┌─ DATA EXTRACT

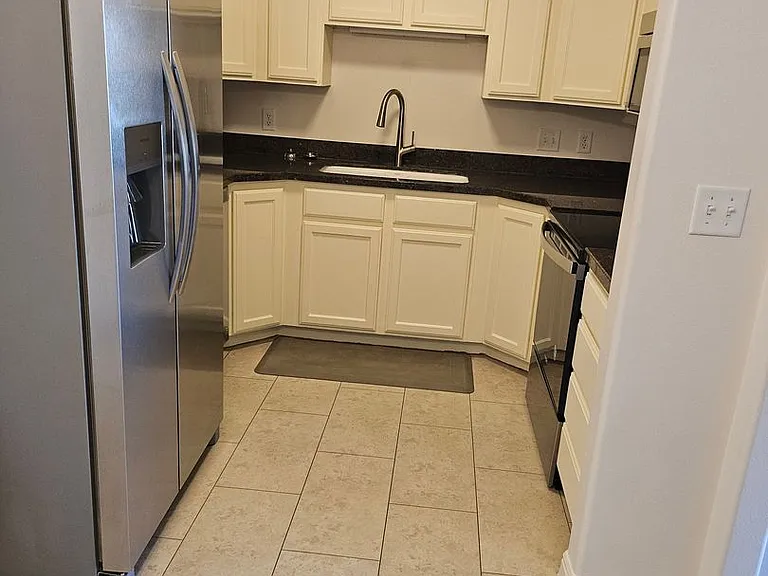 1477 S 430 W — Photo 3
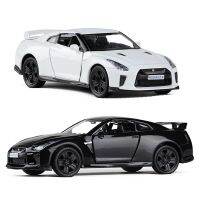 1:36รถนิสสัน GTR จำลองซุปเปอร์คาร์รถ R35เมืองโมเดลรถของเล่นที่หล่อจากเหล็กที่สวยงามของขวัญหุ่นอัลลอย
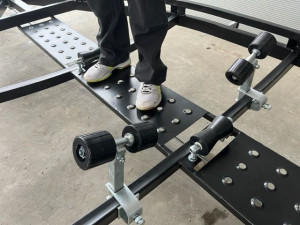 Fotogaléria Príves FB1 - black 1000 kg Suski (510)- na rolniach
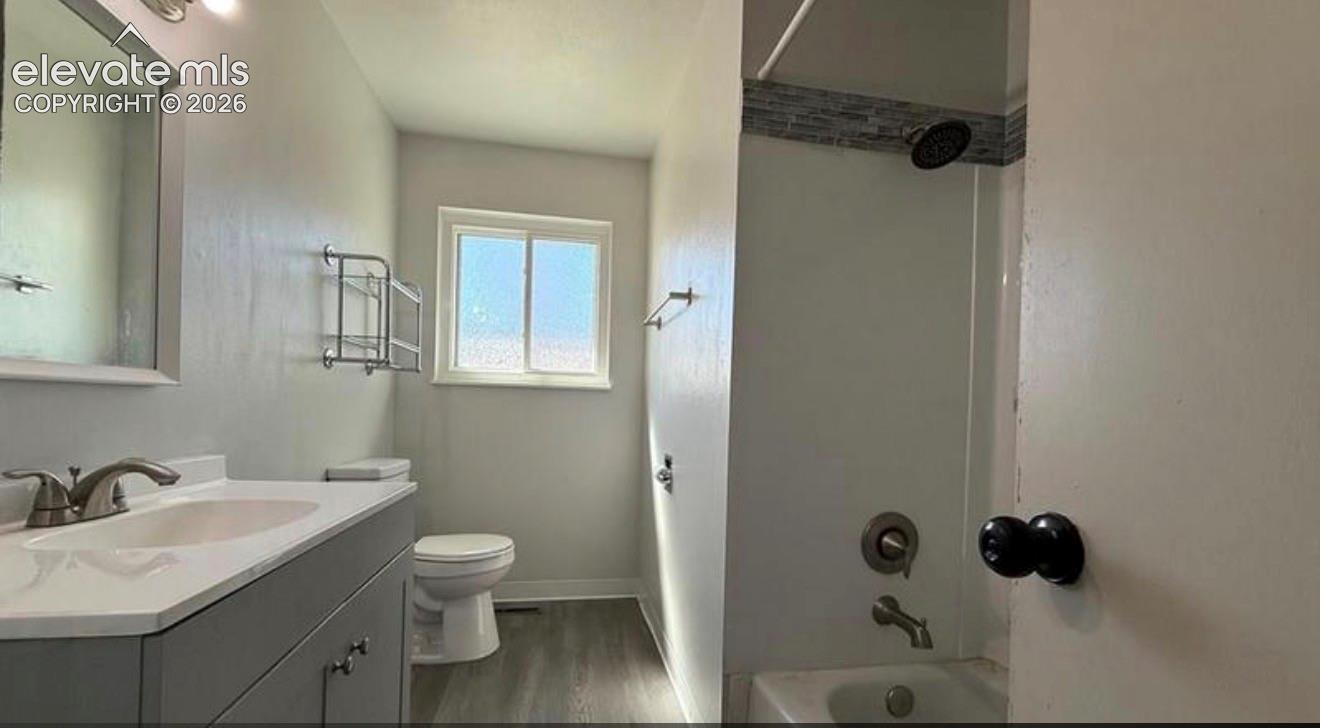 Listing photo 9 for 7 Echo Place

└─

## TASK STATEMENT
Transcribe all the material exactly; skip every image.

## FINAL ANSWER
 1477 S 430 W — Photo 3
 1:36รถนิสสัน GTR จำลองซุปเปอร์คาร์รถ R35เมืองโมเดลรถของเล่นที่หล่อจากเหล็กที่สวยงามของขวัญหุ่นอัลลอย
 Fotogaléria Príves FB1 - black 1000 kg Suski (510)- na rolniach
 Listing photo 9 for 7 Echo Place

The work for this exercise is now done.